**Task objective:**
Please return the full listing exactly as written, with the images removed.

**Stored data:**
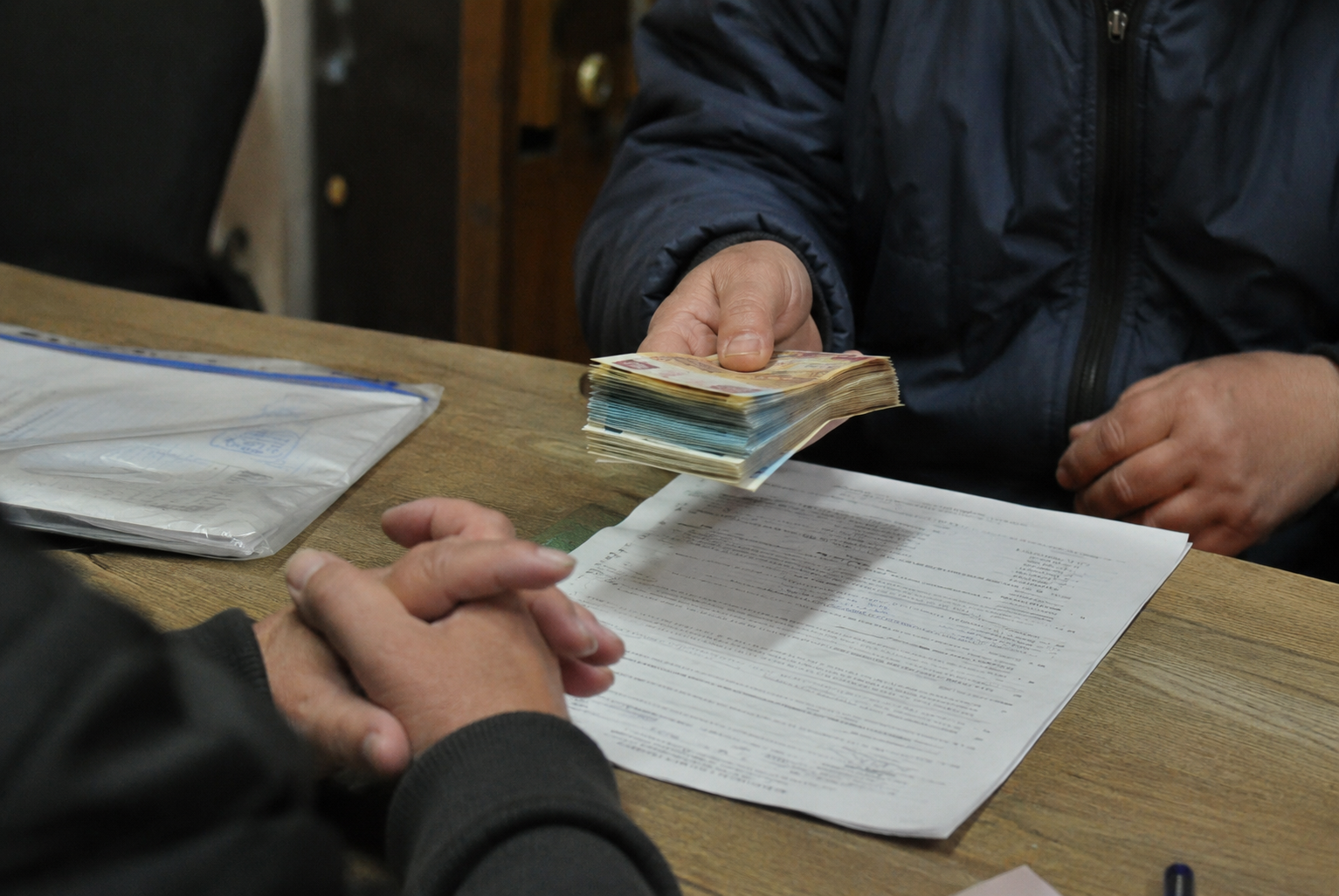 Caz incredibil ajuns în tribunal: Un bărbat a dat aproape o sută de mii de euro ca să „scoată dracii” din nevasta-sa: Primea mesaje de la forța „Bau”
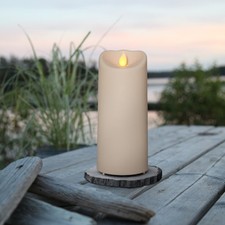LED Kerze für Außen M-Twinkle 7,5x17,5cm mit beweglicher Flamme Timer beige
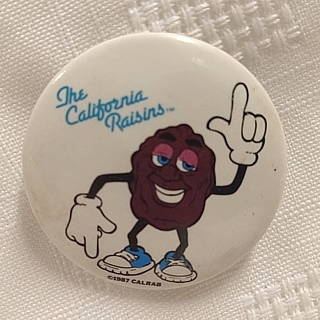 California Raisin - Pinback Button Justin X Grape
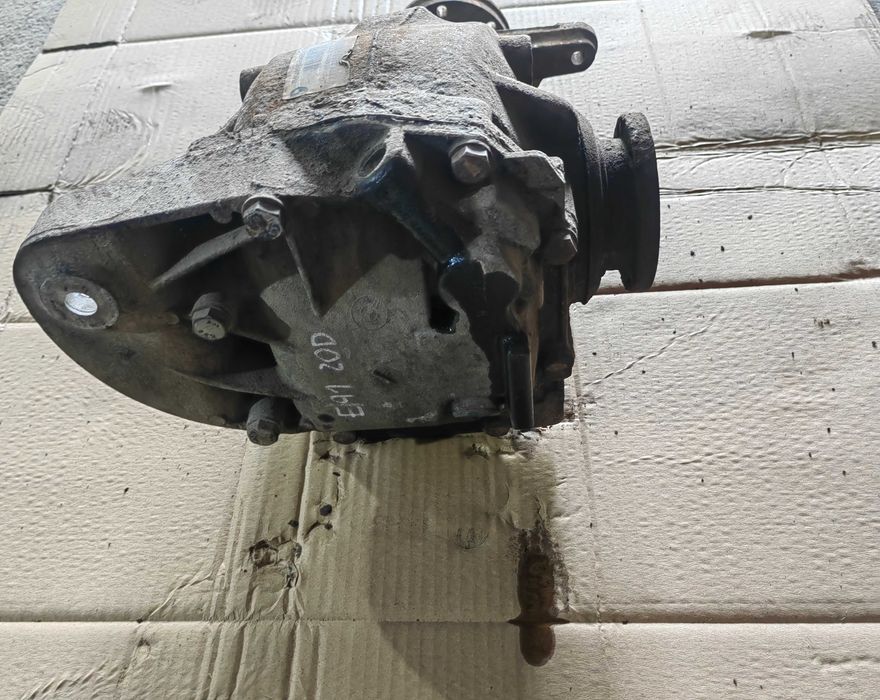 Diferencial BMW serie 5  E60/E61/ relação 3,23 520d automático  7560.591
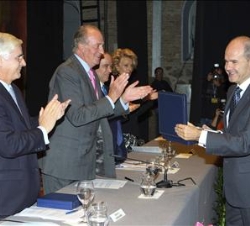 El presidente de la Junta de Andalucía, Manuel Chaves, recibe el premio de manos de Su Majestad el Rey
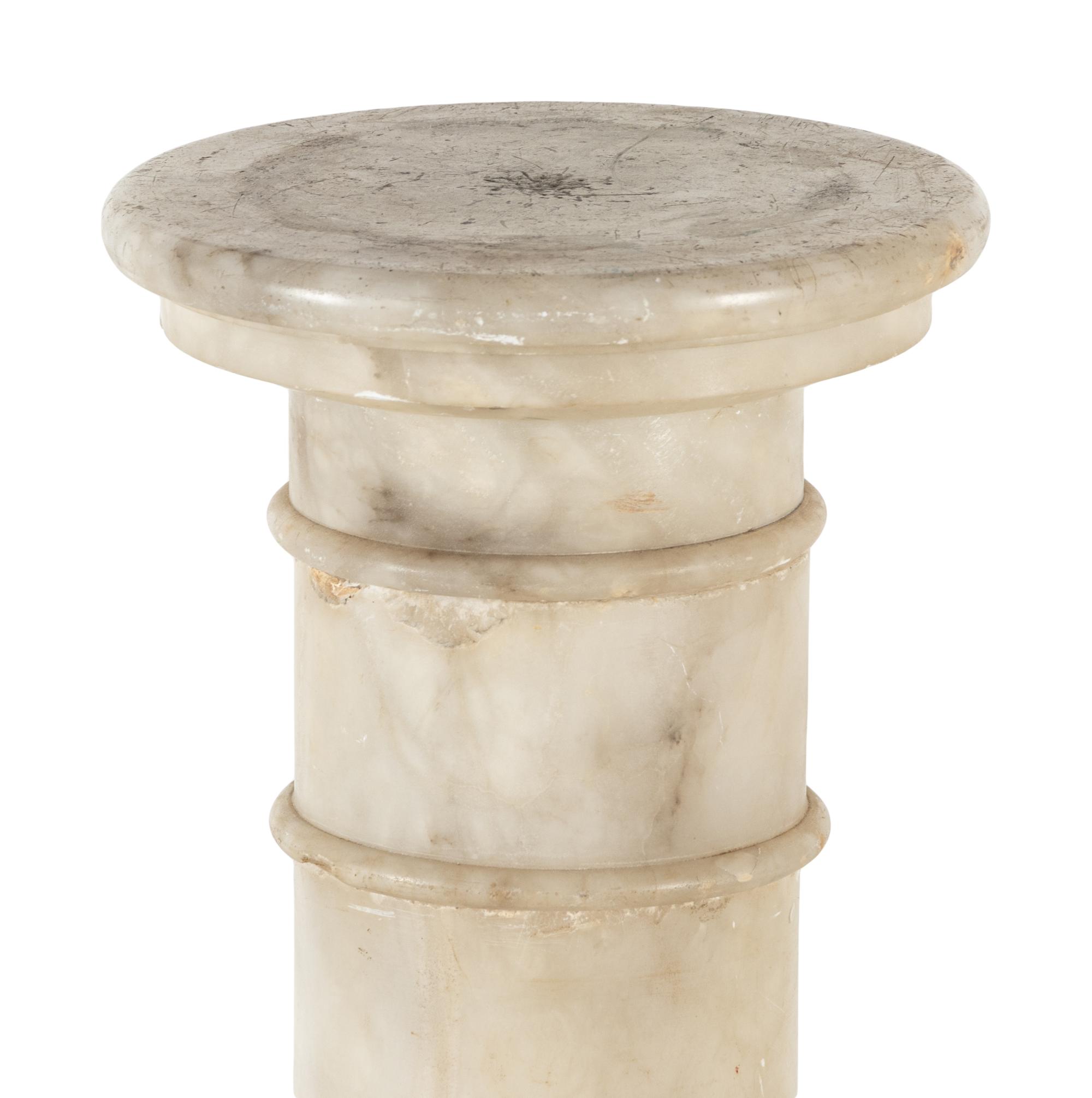 A Continental Marble Pedestal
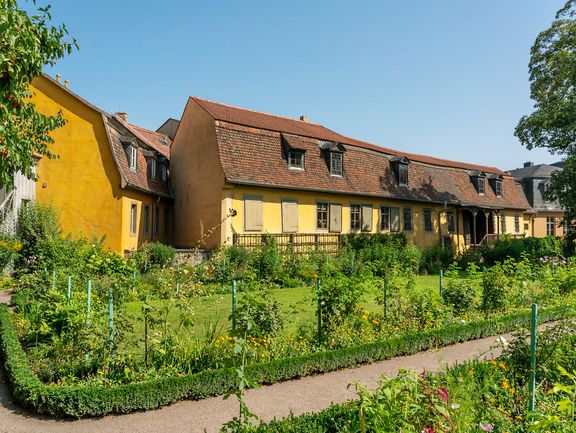 Blick aus dem Hausgarten auf die Rückseite von Goethes Wohnhaus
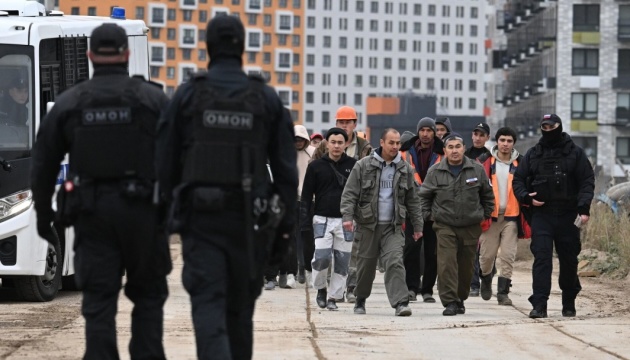 Migrants in Russia Forced to Buy Surveillance Phones: Penalties for Non-Compliance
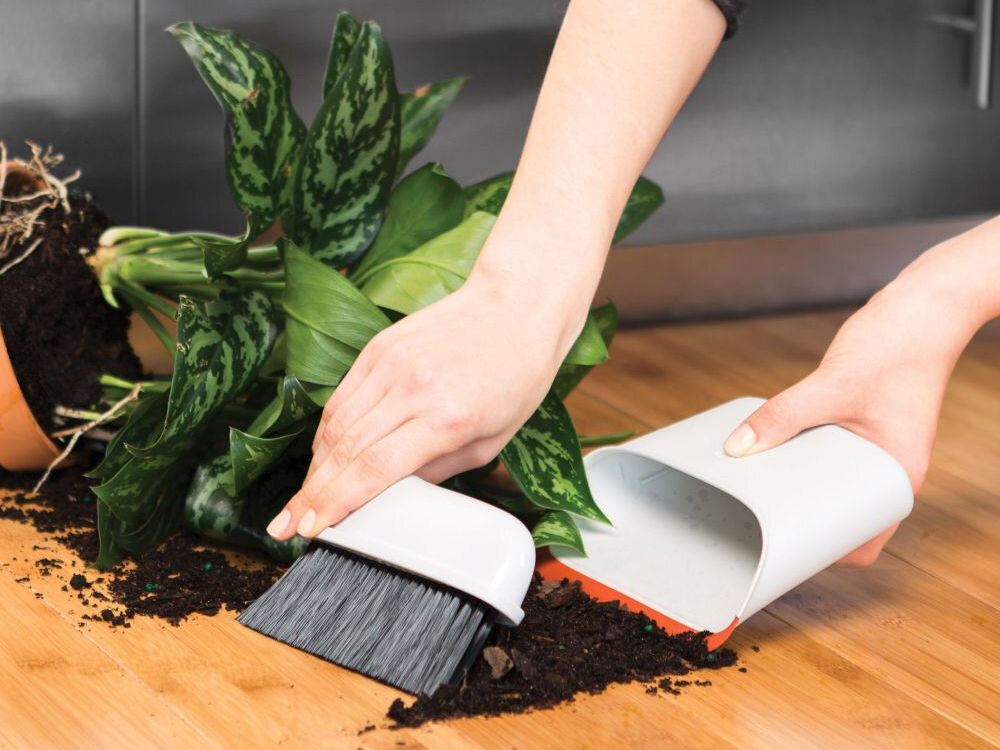 Zmiotka z szufelką OXO Good Grips O-1334280 zmiatanie ziemi z przewróconej doniczki z rośliną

**Solution to this task:**
 Caz incredibil ajuns în tribunal: Un bărbat a dat aproape o sută de mii de euro ca să „scoată dracii” din nevasta-sa: Primea mesaje de la forța „Bau”
LED Kerze für Außen M-Twinkle 7,5x17,5cm mit beweglicher Flamme Timer beige
 California Raisin - Pinback Button Justin X Grape
 Diferencial BMW serie 5  E60/E61/ relação 3,23 520d automático  7560.591
 El presidente de la Junta de Andalucía, Manuel Chaves, recibe el premio de manos de Su Majestad el Rey
 A Continental Marble Pedestal
 Blick aus dem Hausgarten auf die Rückseite von Goethes Wohnhaus
 Migrants in Russia Forced to Buy Surveillance Phones: Penalties for Non-Compliance
 Zmiotka z szufelką OXO Good Grips O-1334280 zmiatanie ziemi z przewróconej doniczki z rośliną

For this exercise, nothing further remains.